Every five years, the U.S. Department of Agriculture (USDA) and U.S. Department of Health & Human Services (HHS) develop the Dietary Guidelines for Americans that recommend what to eat and drink and how much for individuals—think the Food Pyramid and MyPlate.
To craft the upcoming 2020-25 guidelines—due out in December—the USDA and HHS will review the scientific report they commissioned from the 2020 Dietary Guidelines Advisory Committee, made up of 20 experts from across the U.S., as well as public comments on that report.
One of the committee experts is School of Public Health associate professor Jamie Stang, who brings a career’s worth of research into nutrition and maternal and child health focusing on obesity during pregnancy. Stang talks about what’s different about the scientific report this time around, what’s controversial, and what the committee members learned that surprised them.
What are the controversial things?
JS: The first is sugar intake. Past guidelines recommended including 10 percent or less of daily calories from sugar in your diet. We’re recommending 6 percent or less. You can replace those calories with nutrient rich foods instead, which would help you meet requirements for other food groups.

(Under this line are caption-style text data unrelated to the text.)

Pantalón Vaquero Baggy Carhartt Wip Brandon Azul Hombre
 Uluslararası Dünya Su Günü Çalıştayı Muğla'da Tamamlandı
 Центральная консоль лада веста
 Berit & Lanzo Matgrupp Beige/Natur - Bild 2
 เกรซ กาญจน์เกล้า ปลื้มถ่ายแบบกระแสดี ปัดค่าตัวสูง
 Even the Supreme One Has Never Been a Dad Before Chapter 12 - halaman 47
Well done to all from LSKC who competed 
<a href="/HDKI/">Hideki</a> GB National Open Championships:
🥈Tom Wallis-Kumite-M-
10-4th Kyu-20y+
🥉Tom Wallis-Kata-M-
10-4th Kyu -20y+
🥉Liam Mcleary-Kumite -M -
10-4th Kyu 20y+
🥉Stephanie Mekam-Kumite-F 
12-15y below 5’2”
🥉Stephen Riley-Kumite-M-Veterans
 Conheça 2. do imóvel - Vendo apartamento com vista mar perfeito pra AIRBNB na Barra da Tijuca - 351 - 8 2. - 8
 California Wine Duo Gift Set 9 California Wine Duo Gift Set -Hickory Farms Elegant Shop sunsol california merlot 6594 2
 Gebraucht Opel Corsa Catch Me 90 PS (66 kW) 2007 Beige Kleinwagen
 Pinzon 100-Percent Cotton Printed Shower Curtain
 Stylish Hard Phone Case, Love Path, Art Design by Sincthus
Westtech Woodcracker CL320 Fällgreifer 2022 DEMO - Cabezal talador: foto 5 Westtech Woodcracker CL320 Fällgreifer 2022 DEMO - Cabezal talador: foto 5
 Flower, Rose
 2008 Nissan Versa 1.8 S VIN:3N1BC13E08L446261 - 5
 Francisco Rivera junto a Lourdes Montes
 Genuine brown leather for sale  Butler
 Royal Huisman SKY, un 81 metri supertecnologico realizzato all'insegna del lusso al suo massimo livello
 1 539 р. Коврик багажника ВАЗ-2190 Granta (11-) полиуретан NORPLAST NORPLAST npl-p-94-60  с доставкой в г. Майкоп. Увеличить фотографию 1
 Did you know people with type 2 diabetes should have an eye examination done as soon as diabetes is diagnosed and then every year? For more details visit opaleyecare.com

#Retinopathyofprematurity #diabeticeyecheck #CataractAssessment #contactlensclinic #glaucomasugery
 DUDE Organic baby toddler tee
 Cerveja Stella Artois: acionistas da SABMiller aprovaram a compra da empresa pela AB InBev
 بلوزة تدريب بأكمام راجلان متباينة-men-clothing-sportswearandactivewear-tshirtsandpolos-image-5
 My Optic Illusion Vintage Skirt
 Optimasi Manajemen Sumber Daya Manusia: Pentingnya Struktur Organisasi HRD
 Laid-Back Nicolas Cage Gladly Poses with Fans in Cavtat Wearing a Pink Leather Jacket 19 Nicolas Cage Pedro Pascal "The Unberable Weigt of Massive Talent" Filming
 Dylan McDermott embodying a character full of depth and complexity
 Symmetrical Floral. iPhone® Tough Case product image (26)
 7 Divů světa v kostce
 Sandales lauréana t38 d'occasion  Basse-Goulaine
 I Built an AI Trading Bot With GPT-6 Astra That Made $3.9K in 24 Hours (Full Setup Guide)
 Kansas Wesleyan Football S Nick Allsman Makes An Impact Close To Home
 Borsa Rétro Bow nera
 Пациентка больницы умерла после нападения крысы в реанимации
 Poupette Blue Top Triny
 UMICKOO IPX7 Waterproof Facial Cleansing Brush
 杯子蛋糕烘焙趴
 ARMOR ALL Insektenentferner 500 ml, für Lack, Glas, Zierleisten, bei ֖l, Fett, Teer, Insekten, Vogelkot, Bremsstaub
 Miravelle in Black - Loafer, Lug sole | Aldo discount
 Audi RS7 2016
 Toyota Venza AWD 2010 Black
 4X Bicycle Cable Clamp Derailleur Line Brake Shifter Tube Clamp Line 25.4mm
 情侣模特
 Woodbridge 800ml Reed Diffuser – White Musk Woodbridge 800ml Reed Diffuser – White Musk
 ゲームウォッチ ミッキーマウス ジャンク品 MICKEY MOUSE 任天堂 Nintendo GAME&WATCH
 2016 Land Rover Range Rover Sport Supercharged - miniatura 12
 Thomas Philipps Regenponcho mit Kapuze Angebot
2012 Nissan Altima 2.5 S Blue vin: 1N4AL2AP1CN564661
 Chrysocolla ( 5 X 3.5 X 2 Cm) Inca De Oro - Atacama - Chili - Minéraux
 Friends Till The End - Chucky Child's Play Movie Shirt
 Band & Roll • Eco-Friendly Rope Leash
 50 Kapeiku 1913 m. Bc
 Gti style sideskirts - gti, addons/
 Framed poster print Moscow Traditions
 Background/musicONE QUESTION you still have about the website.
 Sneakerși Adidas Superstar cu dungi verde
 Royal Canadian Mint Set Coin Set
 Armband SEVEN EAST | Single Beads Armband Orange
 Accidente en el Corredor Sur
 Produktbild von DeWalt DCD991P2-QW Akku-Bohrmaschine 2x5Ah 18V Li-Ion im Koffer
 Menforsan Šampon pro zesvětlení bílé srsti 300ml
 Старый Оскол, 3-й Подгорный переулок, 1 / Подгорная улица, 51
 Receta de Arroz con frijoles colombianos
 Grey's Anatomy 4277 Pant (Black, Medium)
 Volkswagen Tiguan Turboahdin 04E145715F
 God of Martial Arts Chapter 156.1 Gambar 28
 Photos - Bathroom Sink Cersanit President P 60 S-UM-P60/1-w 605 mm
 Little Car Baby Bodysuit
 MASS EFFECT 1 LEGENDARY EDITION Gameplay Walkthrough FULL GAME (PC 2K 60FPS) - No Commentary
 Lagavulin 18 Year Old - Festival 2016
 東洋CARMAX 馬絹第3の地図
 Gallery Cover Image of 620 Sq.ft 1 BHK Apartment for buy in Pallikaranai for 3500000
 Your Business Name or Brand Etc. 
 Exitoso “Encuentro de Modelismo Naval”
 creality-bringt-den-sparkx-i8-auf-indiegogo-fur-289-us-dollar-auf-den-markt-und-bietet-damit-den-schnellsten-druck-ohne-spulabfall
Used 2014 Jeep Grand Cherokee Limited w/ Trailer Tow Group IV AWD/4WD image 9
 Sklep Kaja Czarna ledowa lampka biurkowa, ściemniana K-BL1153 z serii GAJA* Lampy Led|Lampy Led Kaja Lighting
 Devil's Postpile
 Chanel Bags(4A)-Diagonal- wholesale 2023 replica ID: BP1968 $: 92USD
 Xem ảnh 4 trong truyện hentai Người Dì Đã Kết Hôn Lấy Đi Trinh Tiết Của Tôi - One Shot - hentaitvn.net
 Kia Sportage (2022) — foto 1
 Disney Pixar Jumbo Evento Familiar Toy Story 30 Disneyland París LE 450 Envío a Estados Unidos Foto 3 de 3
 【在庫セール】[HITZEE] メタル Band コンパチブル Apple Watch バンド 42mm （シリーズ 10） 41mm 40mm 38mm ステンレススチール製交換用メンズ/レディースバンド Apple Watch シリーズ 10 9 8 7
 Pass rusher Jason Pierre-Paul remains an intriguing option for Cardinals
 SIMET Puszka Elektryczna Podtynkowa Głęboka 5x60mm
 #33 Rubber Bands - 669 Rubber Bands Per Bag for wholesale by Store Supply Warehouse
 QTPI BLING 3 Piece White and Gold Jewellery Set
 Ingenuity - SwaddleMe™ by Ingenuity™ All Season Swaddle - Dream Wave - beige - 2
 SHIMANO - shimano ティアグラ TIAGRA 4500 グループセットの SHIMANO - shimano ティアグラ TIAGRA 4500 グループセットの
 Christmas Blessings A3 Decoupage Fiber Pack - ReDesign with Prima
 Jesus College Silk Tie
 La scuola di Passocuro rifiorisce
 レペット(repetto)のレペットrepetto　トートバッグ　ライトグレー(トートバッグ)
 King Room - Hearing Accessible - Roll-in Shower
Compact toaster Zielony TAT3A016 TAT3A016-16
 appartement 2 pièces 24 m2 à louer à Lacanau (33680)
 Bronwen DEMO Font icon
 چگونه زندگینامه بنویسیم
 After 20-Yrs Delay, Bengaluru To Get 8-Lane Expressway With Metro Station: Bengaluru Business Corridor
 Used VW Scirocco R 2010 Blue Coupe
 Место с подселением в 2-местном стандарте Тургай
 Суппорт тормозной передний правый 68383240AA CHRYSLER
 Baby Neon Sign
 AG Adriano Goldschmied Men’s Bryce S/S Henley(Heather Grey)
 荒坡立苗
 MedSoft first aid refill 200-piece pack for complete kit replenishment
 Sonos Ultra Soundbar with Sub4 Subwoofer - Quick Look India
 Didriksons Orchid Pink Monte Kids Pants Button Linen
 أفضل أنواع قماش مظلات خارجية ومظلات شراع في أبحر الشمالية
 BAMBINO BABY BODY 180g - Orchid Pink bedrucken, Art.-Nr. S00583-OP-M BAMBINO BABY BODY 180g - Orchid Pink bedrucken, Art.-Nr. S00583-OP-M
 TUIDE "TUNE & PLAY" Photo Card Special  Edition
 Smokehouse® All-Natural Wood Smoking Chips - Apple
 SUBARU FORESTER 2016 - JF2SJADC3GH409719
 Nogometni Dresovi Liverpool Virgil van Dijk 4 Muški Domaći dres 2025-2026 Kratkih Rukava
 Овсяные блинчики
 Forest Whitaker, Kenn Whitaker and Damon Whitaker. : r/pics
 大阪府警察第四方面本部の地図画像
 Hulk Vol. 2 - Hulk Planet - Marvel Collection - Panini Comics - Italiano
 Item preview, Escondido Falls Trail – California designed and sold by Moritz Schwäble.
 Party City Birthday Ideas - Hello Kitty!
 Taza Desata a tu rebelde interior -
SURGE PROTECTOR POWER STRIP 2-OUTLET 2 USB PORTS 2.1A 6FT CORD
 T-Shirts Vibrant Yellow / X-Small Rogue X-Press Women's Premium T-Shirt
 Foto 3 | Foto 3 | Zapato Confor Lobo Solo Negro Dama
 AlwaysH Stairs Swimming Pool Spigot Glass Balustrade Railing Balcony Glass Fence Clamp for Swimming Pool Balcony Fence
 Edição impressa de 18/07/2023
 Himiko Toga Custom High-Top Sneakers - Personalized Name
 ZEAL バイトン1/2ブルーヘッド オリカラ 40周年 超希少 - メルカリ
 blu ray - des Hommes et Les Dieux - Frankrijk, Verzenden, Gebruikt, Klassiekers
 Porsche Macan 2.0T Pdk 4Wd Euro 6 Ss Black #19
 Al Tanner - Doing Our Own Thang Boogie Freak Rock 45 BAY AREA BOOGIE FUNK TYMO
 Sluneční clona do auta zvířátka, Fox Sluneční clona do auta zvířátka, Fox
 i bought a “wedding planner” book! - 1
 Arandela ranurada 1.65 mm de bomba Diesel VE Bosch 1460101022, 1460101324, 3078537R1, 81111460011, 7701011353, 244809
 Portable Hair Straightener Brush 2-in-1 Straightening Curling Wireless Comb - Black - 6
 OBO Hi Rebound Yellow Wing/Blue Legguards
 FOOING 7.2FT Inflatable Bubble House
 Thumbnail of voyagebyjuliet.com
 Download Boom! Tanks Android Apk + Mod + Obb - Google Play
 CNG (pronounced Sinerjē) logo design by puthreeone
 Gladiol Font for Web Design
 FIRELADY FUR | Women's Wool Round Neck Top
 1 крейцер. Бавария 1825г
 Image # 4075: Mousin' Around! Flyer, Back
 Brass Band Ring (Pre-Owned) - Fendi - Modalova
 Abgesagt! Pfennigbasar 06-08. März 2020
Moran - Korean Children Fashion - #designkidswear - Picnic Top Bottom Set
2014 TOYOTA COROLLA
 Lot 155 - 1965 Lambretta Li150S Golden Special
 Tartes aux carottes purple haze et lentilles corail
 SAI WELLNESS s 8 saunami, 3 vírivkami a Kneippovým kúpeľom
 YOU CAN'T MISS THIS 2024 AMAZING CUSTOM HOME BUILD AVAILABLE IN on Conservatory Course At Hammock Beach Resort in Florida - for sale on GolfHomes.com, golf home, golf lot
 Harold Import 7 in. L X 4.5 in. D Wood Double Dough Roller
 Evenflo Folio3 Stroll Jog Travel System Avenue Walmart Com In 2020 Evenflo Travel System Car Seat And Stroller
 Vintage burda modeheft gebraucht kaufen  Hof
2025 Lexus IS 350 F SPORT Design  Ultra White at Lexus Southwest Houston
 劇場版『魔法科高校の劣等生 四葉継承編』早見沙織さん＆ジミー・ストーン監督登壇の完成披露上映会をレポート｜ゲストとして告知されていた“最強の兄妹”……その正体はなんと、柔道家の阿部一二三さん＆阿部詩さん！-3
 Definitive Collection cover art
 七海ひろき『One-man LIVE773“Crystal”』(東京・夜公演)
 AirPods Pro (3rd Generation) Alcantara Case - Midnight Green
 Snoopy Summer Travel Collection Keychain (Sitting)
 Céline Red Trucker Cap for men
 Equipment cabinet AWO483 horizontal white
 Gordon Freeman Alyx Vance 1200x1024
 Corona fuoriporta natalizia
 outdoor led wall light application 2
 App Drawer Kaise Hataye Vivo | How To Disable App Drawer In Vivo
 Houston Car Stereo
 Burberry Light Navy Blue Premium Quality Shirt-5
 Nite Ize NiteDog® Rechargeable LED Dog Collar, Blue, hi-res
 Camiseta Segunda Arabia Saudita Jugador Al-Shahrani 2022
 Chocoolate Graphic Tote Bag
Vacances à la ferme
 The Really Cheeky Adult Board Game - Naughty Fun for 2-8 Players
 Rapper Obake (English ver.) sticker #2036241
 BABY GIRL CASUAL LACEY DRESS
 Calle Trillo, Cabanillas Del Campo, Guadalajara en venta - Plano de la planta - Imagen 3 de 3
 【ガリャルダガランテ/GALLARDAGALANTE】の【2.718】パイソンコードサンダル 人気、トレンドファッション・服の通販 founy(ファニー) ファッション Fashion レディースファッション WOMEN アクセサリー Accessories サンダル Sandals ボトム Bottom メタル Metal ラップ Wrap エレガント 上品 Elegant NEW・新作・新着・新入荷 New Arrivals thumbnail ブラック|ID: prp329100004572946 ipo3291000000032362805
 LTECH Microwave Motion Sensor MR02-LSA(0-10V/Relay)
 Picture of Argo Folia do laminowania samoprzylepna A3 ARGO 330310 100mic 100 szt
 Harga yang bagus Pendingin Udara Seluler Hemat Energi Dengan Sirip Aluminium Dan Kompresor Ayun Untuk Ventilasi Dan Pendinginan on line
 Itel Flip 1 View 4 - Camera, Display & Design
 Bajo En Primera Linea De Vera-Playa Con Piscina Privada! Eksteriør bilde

There are only three or four food sources that provide 70-80 percent of the sugars in our diet; the highest percentages come from desserts and sugar-sweetened drinks. … I’m sure we’ll get lots of public comments about this.
What else is controversial?
JS: I’m not sure this is a controversial recommendation, but I think it will surprise people. And that’s alcohol intake. The data we examined showed that even one drink a day for both genders is the limit of what you want to consume. And because some alcohol is consumed with mixers, they add sugars and additional calories. The committee has in the past looked at alcohol consumption, but this time it considered alcohol intake from a more holistic perspective — how it contributes to death from many causes (all-cause mortality) rather than from just a single cause, such as heart or liver disease. When you look at alcohol more broadly, you get a different picture.
What were new areas of exploration for the committee?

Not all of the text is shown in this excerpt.